Even with the best possible hardware and configuration, CSI data contain noise and raw phase information cannot be directly used. This is caused firstly by the environment and reflected radio waves, secondly, by possible hardware instability. That is why the data preprocessing is an essential part of building a stable and accurate HAR system. The full workflow of the system, from the routers to model prediction and preprocessing is shown in Fig. 4.
6.1 Data preprocessing
Even with the most faultless gear and setup in place, CSI data unavoidably include noise and issues that result from ambient elements, including reflected radio waves, as well as probable device instability. These components might add unintended unpredictability and inaccuracy into the data. As a result, data preparation performs a vital component in the building of a strong and accurate Human Activity Recognition (HAR) system.
The technology of data processing is a vital component of the overall HAR system. It works as the bridge between the raw CSI data received from routers and the subsequent model forecast. Through a range of precisely documented activities and processes, data preparation is aimed at refining and enriching the raw data to make it more acceptable for successful model training and accurate activity detection.
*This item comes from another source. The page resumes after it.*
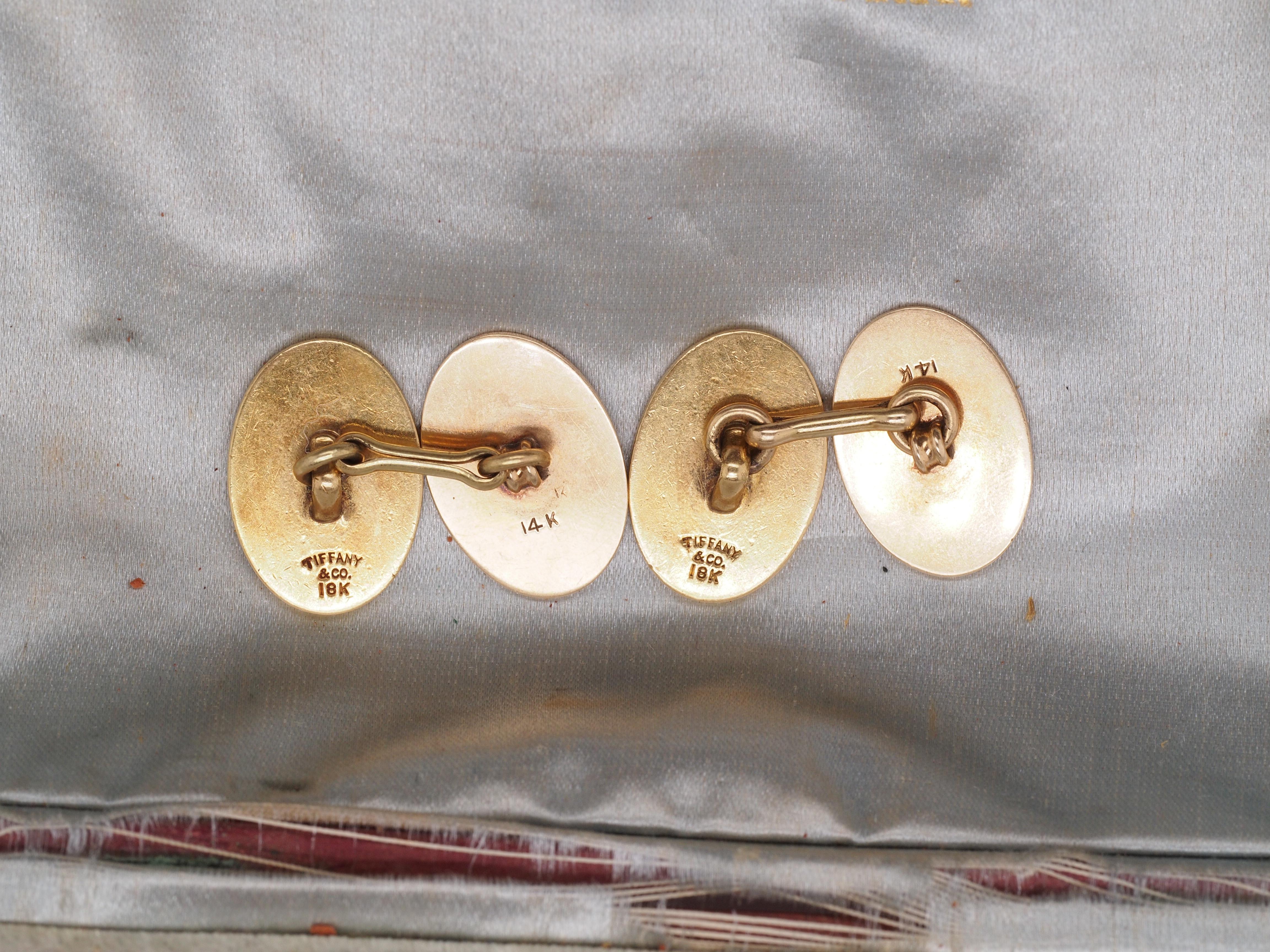 Art déco Tiffany & Co. Boutons de manchette Royal Shield en or jaune 14 carats des années 1920 en vente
The full working of the system, starting with the data collecting via routers to the final model's estimates, is depicted in Figure 4. This approach underscores the linked nature of data gathering, preprocessing, model generation, and activity detection, underscoring the critical role that data preparation plays in boosting the quality and reliability of the HAR system. By eliminating noise and instability conditions, data preparation guarantees that the model can make reasonable forecasts based on the input CSI data, even under tough real-world settings.
One key component of data processing in the context of Human Activity Recognition (HAR) is phase sanitization. Unlike amplitude information, raw phase data cannot be effectively exploited for activity detection due to intrinsic constraints. The primary difficulty with unprocessed phase data is its sensitivity to the effects of carrier frequency offset (CFO) and sample frequency offset (SFO).
CFO develops when the transmitter and receiver fail to synchronize their time and phases accurately before delivering a payload. This lack of synchronization may lead to large phase variations, especially in the 5 GHz frequency band, where even modest mistakes in clock time may result in phase changes of several π radians. However, human activities generally create phase changes of less than 0.5π radians.
Because of these limits, it becomes obvious that the minute phase changes generated by human movements are not detectable in the unprocessed phase data. Therefore, data preparation demands solving these obstacles related with phase data to make it more appropriate for accurate human activity identification. This may need altering for CFO and SFO influences, eventually boosting the phase data and improving its usefulness in the HAR system.
Sampling frequency offset (SFO) provides an insurmountable challenge in the utilization of raw phase data for human movement tracking. This shift is caused by the analog-to-digital converter, and it moves from subcarrier to subcarrier, resulting in multiple defects over the spectrum. Given that both carrier frequency offset (CFO) and SFO are unknown, the raw phase information remained inaccessible for direct application in activity identification.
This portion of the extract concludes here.